Patent document CN105987279a discloses an ANG transport vehicle, which comprises a transport vehicle body and an ANG tank body fixed on the transport vehicle body and filled with an adsorbent, wherein a gas charging and discharging pipeline is arranged at the 1/6-1/3 height of the ANG tank body in the ANG tank body, extends to two side end sockets of the ANG tank body along the axial direction of the ANG tank body, and is wound with a heat exchange pipeline outside the gas charging and discharging pipeline, and the heat exchange pipeline is connected with a heat exchange system of the transport vehicle body.

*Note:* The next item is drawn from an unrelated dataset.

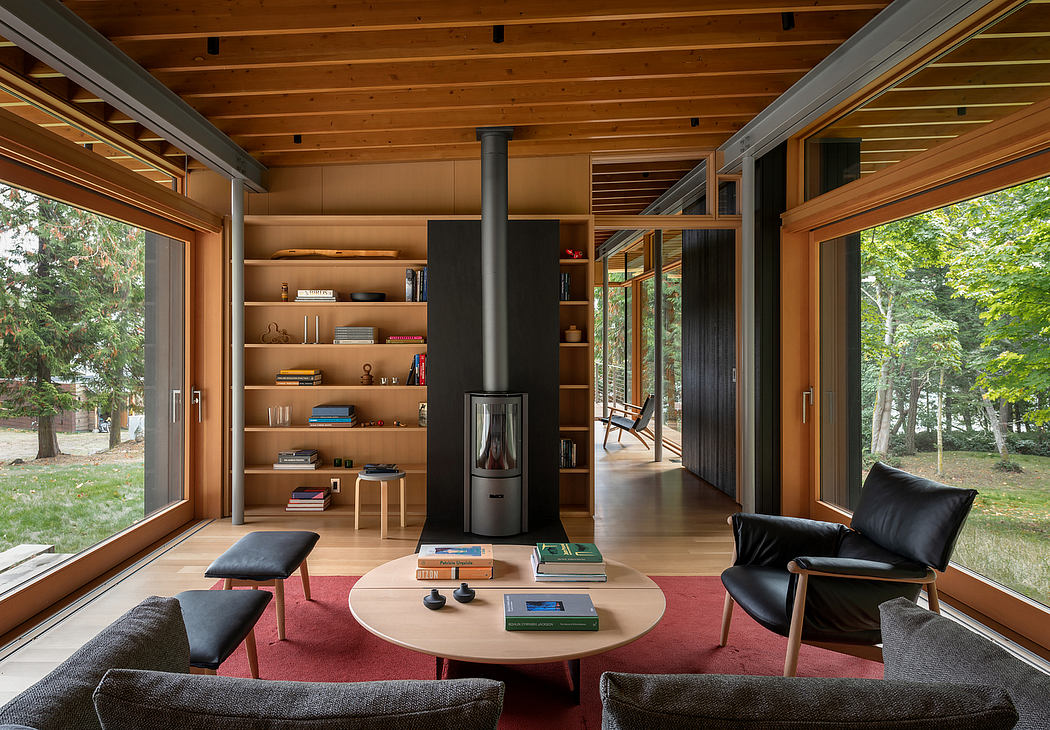 A cozy, modern cabin with an open floor plan, wood-lined ceilings, and floor-to-ceiling windows.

The heat exchange pipeline and the heat exchange system perform heat exchange to achieve the aim of stabilizing heat in the natural gas adsorption and desorption processes. The transport vehicle is provided with the compressor and the refrigerant, and the whole ANG transport vehicle becomes an independent system without external supply of cold and hot water, but still introduces independent cooling media (water), refrigerants and cooling systems, so that the load of the transport vehicle is increased, and the problems of economic cost improvement and safety risk increase are solved.

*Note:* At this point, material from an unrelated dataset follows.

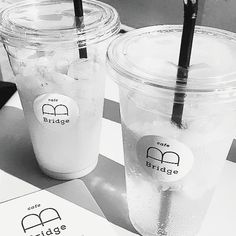 two plastic cups with straws are sitting on a table next to eachother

The information disclosed in this background section is only for enhancement of understanding of the general background of the invention and should not be taken as an acknowledgement or any form of suggestion that this information forms the prior art already known to a person of ordinary skill in the art.
Disclosure of Invention
It is an object of the present invention to provide an ANG storage facility to improve the impact of thermal effects on adsorption and/or desorption processes in adsorbed natural gas storage and transportation technologies.
Another object of the present invention is to provide an ANG storage facility, thereby reducing the volume and cost of the adsorbed natural gas storage and transportation facility and improving the safety.

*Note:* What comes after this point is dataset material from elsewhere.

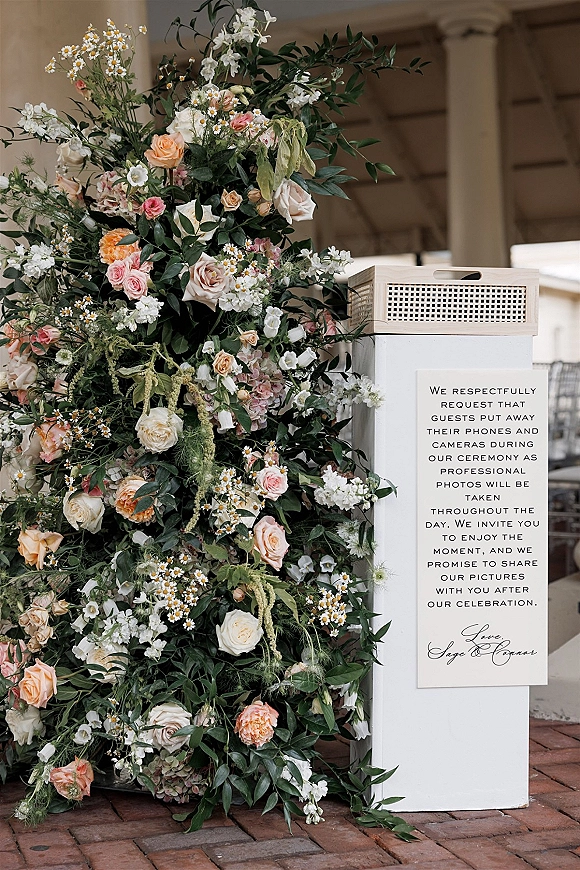 Wedding signage with an unplugged ceremony sign on a white pedestal, framed by rose and daisy florals and greenery on a covered patio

To achieve the above object, the present invention provides an ANG storage apparatus, including: the tank body is a horizontal storage tank, the adsorbent is filled in the tank body, the tank body comprises a tube side and a shell side which are not communicated with each other, the volume of the tube side is 5% -25% of that of the shell side, and a natural gas filling and discharging channel is arranged on the shell side; the air inlet of the compressor is connected with the tube side; and a high pressure gas cylinder connected between the gas outlet of the compressor and the tube side, wherein the tube side, the compressor and the high pressure gas cylinder form a circulating natural gas loop, and the inflation and deflation of the tube side and the shell side are opposite.
Further, in the above technical scheme, the natural gas charging and discharging channel is a sleeve, the sleeve is coaxially arranged in the tank body in a penetrating way, a plurality of diffusion holes are uniformly distributed on the outer tube of the sleeve and are communicated with the shell side, one end of the inner tube of the sleeve is communicated with the outer tube, and the other end of the inner tube of the sleeve is connected with the outside.
Further, in the above technical scheme, the tank body is provided with: a plurality of tubules disposed in a horizontal direction; and the tube plate is arranged at one end of the plurality of thin tubes, the plurality of thin tubes are communicated with the tank body at one side of the tube plate to form a tube side, and the tank body at the other side of the tube plate forms a shell side.
Further, in the above technical scheme, the diameter ratio of the pipe diameter of the tubule to the diameter of the tank body is 1:20 to 100.
Further, in the above-described technical solution, the distance between the plurality of tubules is 1.5 to 20 times the pipe diameter of the tubule.
Further, in the above-described aspect, the plurality of tubules are radially distributed around the sleeve.
Further, in the above technical scheme, the distance between the plurality of tubules from the sleeve to the outside is gradually increased.
Further, in the above technical scheme, the shell side is filled with the first adsorbent, the tube side is filled with the second adsorbent, and the first adsorbent and the second adsorbent are the same or different.
Further, in the above technical scheme, the adsorbent is one or more of silica gel, activated carbon, alumina, MOFs material, zeolite molecular sieve and carbon molecular sieve.
Further, in the above technical scheme, the tank body is internally provided with an adsorbent fixing bracket and/or a filter screen.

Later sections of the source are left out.